Retype the entire listing, keeping every word as it is.

(SOURCE MATERIAL)

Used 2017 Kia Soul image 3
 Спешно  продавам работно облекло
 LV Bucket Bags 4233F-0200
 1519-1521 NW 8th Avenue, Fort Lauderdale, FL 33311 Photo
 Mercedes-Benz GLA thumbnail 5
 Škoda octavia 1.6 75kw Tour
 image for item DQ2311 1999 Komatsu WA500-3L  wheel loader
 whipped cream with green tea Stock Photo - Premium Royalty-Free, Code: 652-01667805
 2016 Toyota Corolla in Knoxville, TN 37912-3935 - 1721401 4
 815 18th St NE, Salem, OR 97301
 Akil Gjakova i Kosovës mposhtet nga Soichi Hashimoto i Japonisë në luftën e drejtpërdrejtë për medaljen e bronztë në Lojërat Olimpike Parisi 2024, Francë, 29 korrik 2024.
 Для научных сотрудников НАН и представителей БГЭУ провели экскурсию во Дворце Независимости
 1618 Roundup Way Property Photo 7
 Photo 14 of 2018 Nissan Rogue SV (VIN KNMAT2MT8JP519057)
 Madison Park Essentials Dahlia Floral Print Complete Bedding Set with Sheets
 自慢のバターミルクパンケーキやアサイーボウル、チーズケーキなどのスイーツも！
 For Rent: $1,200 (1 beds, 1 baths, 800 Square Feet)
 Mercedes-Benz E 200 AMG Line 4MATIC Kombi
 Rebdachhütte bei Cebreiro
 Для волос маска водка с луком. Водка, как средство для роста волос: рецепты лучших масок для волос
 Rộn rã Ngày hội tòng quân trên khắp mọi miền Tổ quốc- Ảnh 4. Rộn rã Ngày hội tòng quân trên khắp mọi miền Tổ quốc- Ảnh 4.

(End SOURCE MATERIAL)

**SOLUTION**:
Used 2017 Kia Soul image 3
 Спешно  продавам работно облекло
 LV Bucket Bags 4233F-0200
 1519-1521 NW 8th Avenue, Fort Lauderdale, FL 33311 Photo
 Mercedes-Benz GLA thumbnail 5
 Škoda octavia 1.6 75kw Tour
 image for item DQ2311 1999 Komatsu WA500-3L  wheel loader
 whipped cream with green tea Stock Photo - Premium Royalty-Free, Code: 652-01667805
 2016 Toyota Corolla in Knoxville, TN 37912-3935 - 1721401 4
 815 18th St NE, Salem, OR 97301
 Akil Gjakova i Kosovës mposhtet nga Soichi Hashimoto i Japonisë në luftën e drejtpërdrejtë për medaljen e bronztë në Lojërat Olimpike Parisi 2024, Francë, 29 korrik 2024.
 Для научных сотрудников НАН и представителей БГЭУ провели экскурсию во Дворце Независимости
 1618 Roundup Way Property Photo 7
 Photo 14 of 2018 Nissan Rogue SV (VIN KNMAT2MT8JP519057)
 Madison Park Essentials Dahlia Floral Print Complete Bedding Set with Sheets
 自慢のバターミルクパンケーキやアサイーボウル、チーズケーキなどのスイーツも！
 For Rent: $1,200 (1 beds, 1 baths, 800 Square Feet)
 Mercedes-Benz E 200 AMG Line 4MATIC Kombi
 Rebdachhütte bei Cebreiro
 Для волос маска водка с луком. Водка, как средство для роста волос: рецепты лучших масок для волос
 Rộn rã Ngày hội tòng quân trên khắp mọi miền Tổ quốc- Ảnh 4. Rộn rã Ngày hội tòng quân trên khắp mọi miền Tổ quốc- Ảnh 4.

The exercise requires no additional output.